Teams from the Istanbul Police Department's Counter Financial Crimes Department received a tip that a significant amount of counterfeit money was planned to be infiltrated in the market by two separate networks in Bağcılar and Fatih.
Two counterfeit money gangs were placed under technical and physical tracking. The investigation revealed that in Fatih, four individuals by the initials of A.Y., Y.K., C.A. and B.S. had printed counterfeit 1 TL coins, whereas in Bağcılar, two individuals with the initials A.G. and N.C. had printed fake 200 TL bills.
After extensive tracking of the two networks, security forces staged a raid on both counterfeiting gangs in the early morning hours of Monday. Six arrests were made in Istanbul's Fatih, Eyüp, Bağcılar and Beyoğlu districts.

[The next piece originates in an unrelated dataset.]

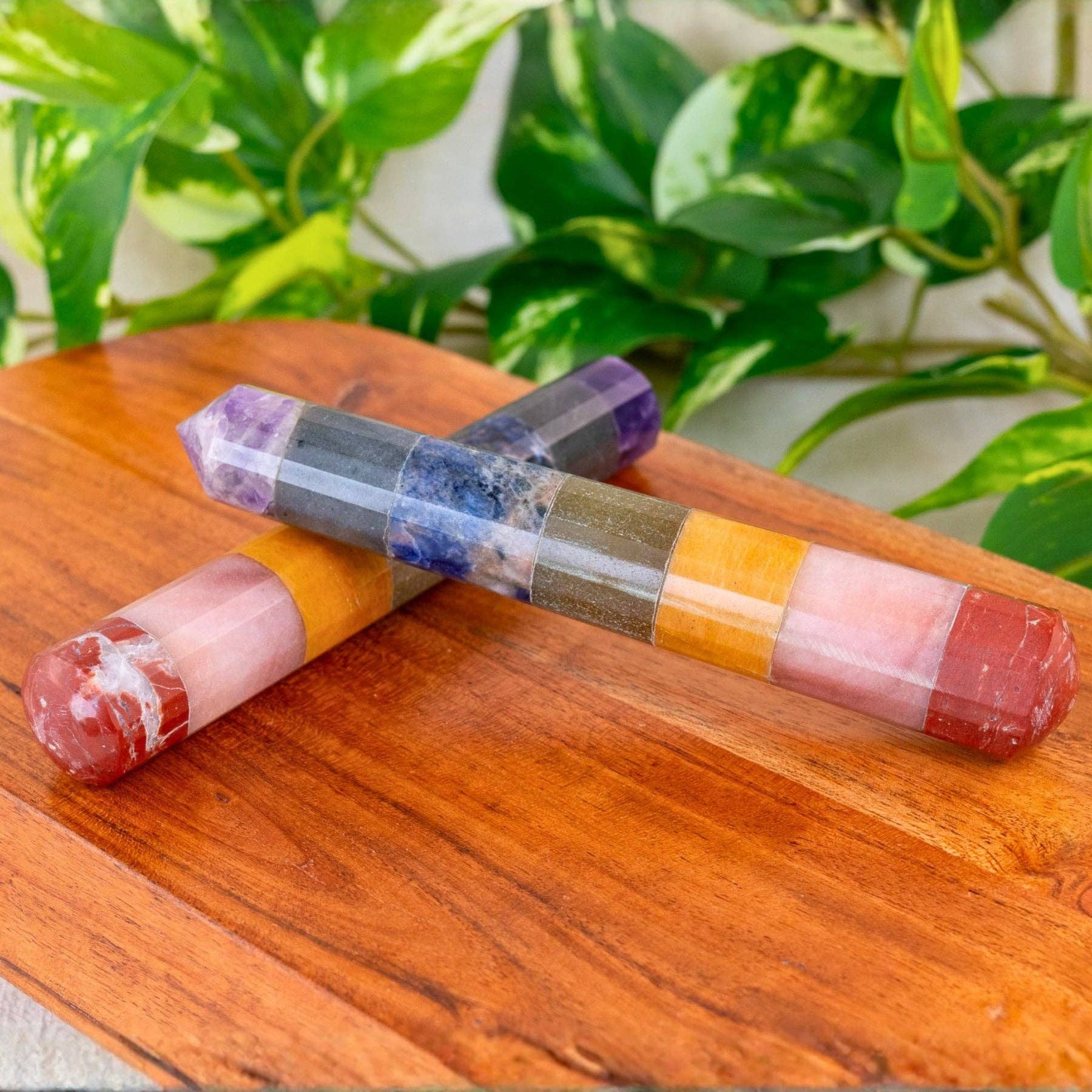 7 Chakra Faceted Wand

In a simultaneous separate operation, police entered a plastic jewelry workshop where they uncovered 9,200 fake 1 TL coins, six silicon molds, a melting pot and a machine used to mould coins. A raid on a business location in Bağcılar revealed 504 counterfeit 200 lira bills ready to be put on the market, for a total value of 108,000 liras.
COUNTERFEIT COINS ARE LIGHTER
The plastic jewelry workshop which police raided had been transformed into a mini minting station by counterfeiters, who admitted to using a material they called "Zamak" which consists of copper, zinc and aluminum for minting the coins.
Financial Crimes Department Specialists say, "There are two main differences between authentic and fake coins. Counterfeit coins are light and are a single piece. Authentic coins weigh 8 grams, whereas their counterfeit equivalents weight just 4 grams."
The networks supposedly distributed a significant amount of the total 50,000 counterfeit coins to businesses in Taksim during the Gezi Park protests. Five arrests were made out of the total six counterfeiters that were brought to court.